Revision as of 00:13, 6 September 2020

Problem 7

For a science project, Sammy observed a chipmunk and a squirrel stashing acorns in holes. The chipmunk hid 3 acorns in each of the holes it dug. The squirrel hid 4 acorns in each of the holes it dug. They each hid the same number of acorns, although the squirrel needed 4 fewer holes. How many acorns did the chipmunk hide?

$\textbf{(A)}\ 30\qquad\textbf{(B)}\ 36\qquad\textbf{(C)}\ 42\qquad\textbf{(D)}\ 48\qquad\textbf{(E)}\ 54$

Solution 1

Let $x$ be the number of acorns that both animals had.
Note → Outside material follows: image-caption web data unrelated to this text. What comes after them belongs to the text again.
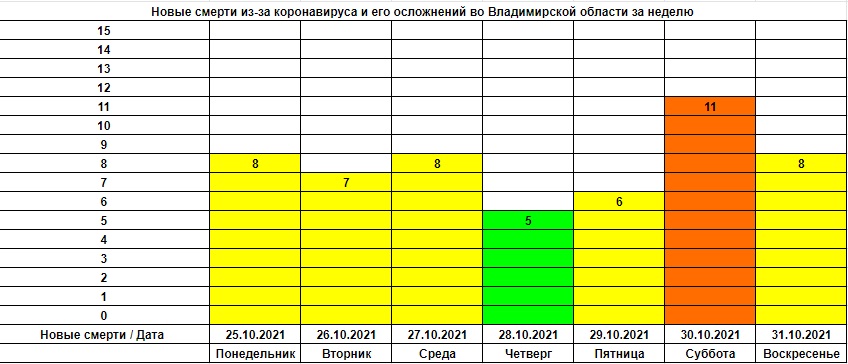 Корона_Ежедневка_Смерти_25-31-10-2021.jpg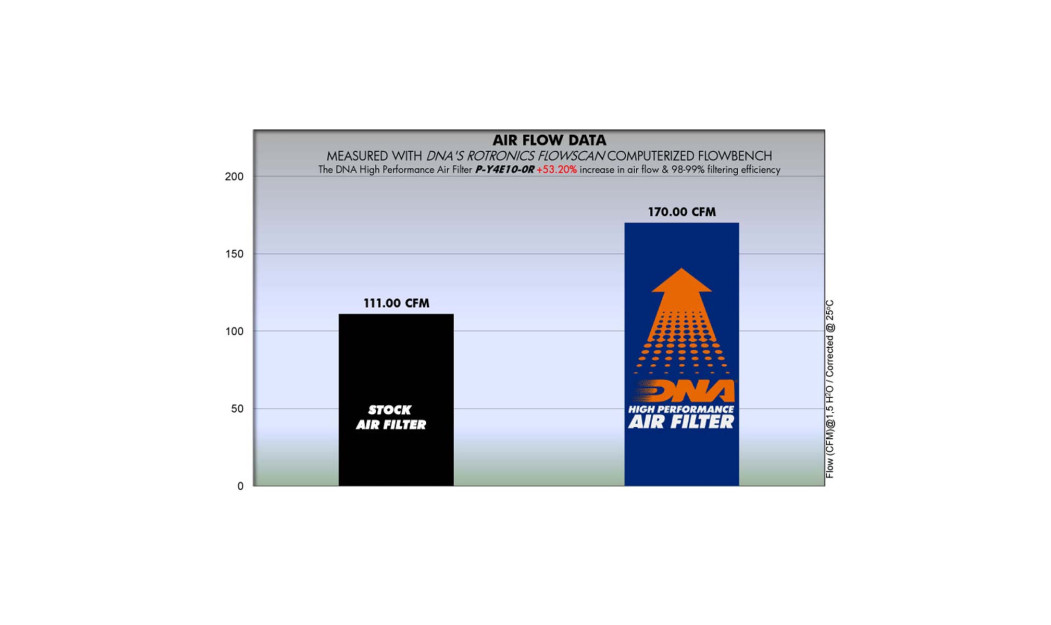 ΦΙΛΤΡΟ ΑΕΡΟΣ DNA YAMAHA YZ 450F 10-13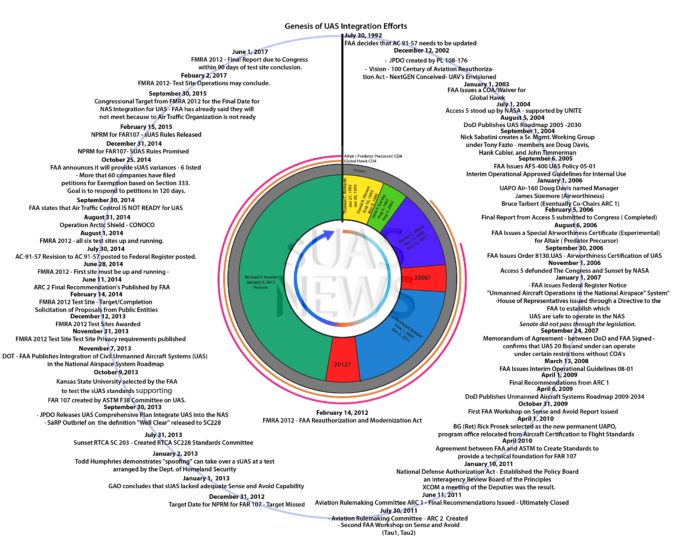Final Integration Circular Graph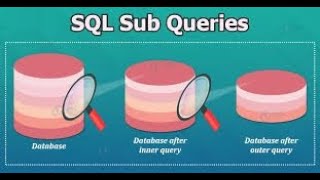 sql: Sub queries in sql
So by the info in the problem:

$\frac{x}{3}=\left( \frac{x}{4} \right)+4$

Subtracting $\frac{x}{4}$ from both sides leaves

$\frac{x}{12}=4$

$\boxed{x=48}$

This is answer choice $\textbf{(D)}$

Solution 2

Instead of an Algebraic Solution, we can just find a residue in the common multiples of $3$ and $4$, so $lcm[3,4]=12$, the next largest is $12\cdot2=24$, the next is $36$, and so on, with all of them being multiples of $12$, now we can see that per every common multiple, we can see a pattern such as

$12=4\cdot3=3\cdot4$ so $4-3=1$ hole less.

$24=4\cdot6=3\cdot8$ so $8-6=2$ holes less.

$36=4\cdot9=3\cdot12$ so $12-9=3$ holes less.

$48=4\cdot12=3\cdot16$ so $16-12=4$ holes less.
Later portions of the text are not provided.